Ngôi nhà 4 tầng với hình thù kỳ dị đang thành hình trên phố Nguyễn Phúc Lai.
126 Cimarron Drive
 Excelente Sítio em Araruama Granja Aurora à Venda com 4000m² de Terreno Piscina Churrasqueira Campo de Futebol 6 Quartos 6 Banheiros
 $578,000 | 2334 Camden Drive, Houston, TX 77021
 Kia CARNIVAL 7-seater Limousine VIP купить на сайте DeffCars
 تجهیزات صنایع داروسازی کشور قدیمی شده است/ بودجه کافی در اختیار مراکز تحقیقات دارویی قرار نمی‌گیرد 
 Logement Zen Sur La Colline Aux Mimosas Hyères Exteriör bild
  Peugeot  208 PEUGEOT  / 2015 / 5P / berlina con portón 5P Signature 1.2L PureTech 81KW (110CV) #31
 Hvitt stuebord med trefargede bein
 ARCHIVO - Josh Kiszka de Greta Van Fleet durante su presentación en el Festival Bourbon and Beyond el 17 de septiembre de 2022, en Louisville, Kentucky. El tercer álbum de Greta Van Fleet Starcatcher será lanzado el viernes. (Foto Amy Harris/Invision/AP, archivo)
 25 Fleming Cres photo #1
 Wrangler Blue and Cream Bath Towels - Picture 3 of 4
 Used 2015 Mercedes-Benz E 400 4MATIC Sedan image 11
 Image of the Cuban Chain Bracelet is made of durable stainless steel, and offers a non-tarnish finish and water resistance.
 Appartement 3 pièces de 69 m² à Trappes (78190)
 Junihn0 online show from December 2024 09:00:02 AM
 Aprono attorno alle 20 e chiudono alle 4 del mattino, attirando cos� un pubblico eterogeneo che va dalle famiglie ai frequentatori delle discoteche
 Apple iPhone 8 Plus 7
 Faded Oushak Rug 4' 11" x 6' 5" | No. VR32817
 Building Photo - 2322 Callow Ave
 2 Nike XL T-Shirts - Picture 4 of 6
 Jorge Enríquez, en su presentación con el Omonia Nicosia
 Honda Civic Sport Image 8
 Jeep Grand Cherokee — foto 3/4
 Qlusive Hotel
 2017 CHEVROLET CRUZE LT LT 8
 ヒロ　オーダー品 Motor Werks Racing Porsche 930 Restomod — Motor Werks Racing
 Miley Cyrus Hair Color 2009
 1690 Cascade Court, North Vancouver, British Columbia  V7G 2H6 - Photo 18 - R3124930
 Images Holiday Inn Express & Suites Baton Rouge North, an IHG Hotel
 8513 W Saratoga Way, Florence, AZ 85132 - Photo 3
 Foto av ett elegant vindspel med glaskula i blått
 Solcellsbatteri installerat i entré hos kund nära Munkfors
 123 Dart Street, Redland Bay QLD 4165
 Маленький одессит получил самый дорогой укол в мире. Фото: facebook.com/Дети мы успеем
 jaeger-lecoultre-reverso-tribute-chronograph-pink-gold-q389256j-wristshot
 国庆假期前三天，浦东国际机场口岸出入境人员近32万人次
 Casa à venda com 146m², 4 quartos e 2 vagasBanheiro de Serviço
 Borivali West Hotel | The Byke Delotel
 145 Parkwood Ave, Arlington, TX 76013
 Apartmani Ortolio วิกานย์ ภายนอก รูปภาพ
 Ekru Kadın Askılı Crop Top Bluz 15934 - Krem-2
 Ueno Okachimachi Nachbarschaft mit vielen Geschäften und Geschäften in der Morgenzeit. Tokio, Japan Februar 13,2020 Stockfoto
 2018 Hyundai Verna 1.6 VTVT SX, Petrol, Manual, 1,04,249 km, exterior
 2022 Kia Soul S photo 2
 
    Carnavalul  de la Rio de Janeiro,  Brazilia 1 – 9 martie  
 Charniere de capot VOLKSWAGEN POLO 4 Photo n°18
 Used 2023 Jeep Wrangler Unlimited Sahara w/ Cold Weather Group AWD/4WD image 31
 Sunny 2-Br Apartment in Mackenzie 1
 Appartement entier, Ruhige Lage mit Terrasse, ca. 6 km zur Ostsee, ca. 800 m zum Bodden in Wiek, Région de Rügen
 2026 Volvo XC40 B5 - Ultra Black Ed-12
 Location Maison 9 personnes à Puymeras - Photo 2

:::::

> Task to carry out
Lines from the one with "2026 Volvo XC40 B5 - Ultra Black Ed-12" through the end of the data: set these down exactly, including both ends and nothing more.

> Result of the exercise
 2026 Volvo XC40 B5 - Ultra Black Ed-12
 Location Maison 9 personnes à Puymeras - Photo 2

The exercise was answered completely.